I know a fair bit about complex process models. I encoded a model of the product definition (i.e., product design) process for aircraft (as developed by a team at Northrop Corporation — with a shout out here to @AlexTu) into a form executable by an artificial intelligence/expert system. My objective at the time was to test an approach to modeling of a process ontology and an associated AI technology built around it. The objective of Northrop was to be able to have a software system ‘understand’ things like the relationships among the process steps, related artifacts (e.g., input and outputs) and conditionals and to be able to optimize the process through eliminating unnecessary steps and introducing more parallelism. In other words, a major goal of the project was to enable more of what was called at the time ‘concurrent engineering’, both to shorten the time needed for product definition and to catch problems with the design of the product as early in the process as possible (since the later such problems are caught, the more they cost to correct — with the worst case being of course that a problem isn’t discovered until the aircraft has been built and is deployed and in use for its mission in the field). The project was pretty darned impressive, and the technology worked well as an ‘assistant’ to product engineers looking to improve their processes.

Many of the tasks we deal with on a regular basis in our everyday lives aren’t as complex or specialized as the product definition process for an aircraft. But even relatively simple processes can be tedious to encode if every detail has to be explicitly modeled. Here is where another secret comes in: rather than model detailed conditionals for things like triggers, why not use statistical data about the presence of certain indicative concepts in input and output data associated with the process, along with refinements to the model based on user feedback? Clearly this approach makes the most sense for non-critical processes. You don’t want to try it for brain surgery (at least not if you are one of the first patients). But virtual personal assistants and other agents aren’t intended to do jobs for us entirely on their own, so much as to help us do our job (at least at first). So if we have some patience up-front and are willing to work with ‘good enough’, I think we could see a lot more examples of such software agents. If we have expectations that the agents know everything and are right close to 100% of the time, we’ll see a lot fewer. It’s that simple, I think.

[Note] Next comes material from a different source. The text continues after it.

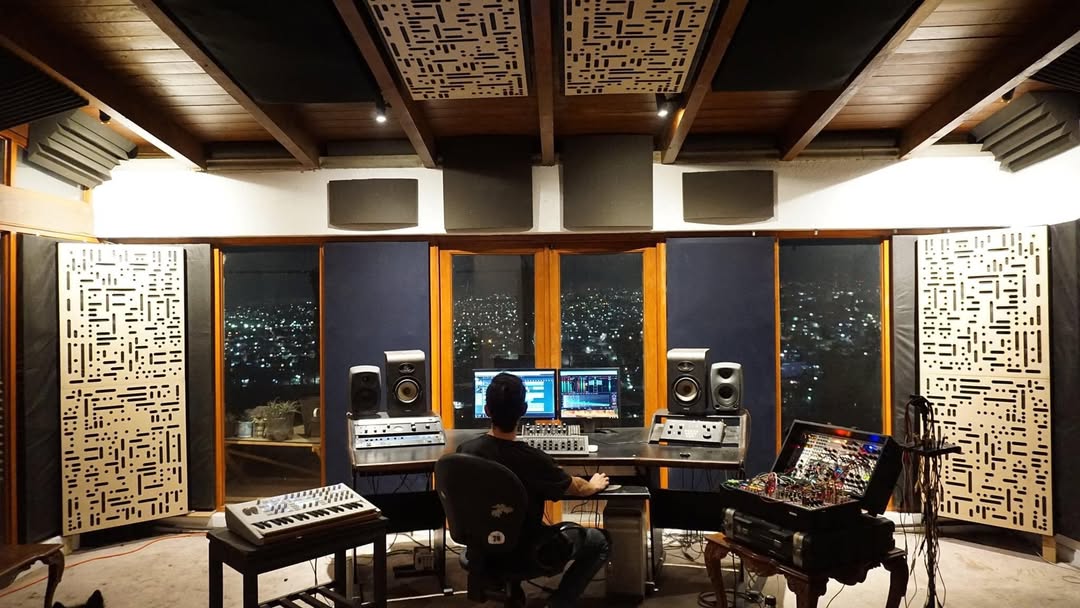 Soundship Studio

So let’s get started building and using some ‘good enough’ assistants. If other people want to wait until they’re ‘perfected’, they can join the party later, maybe after The Singularity has occurred. I think it is time to start now. And I’m convinced we’ll get farther faster if we do start now, rather than waiting until years from now to begin building such technologies en masse. Let’s refocus some of our collective efforts from yet-another social networking app or more cute cat videos onto more intelligent agents. Then intelligent, actionable software agents won’t be so secret anymore – in fact, they’ll be everywhere. And you’ll have more free time to spend with your cat.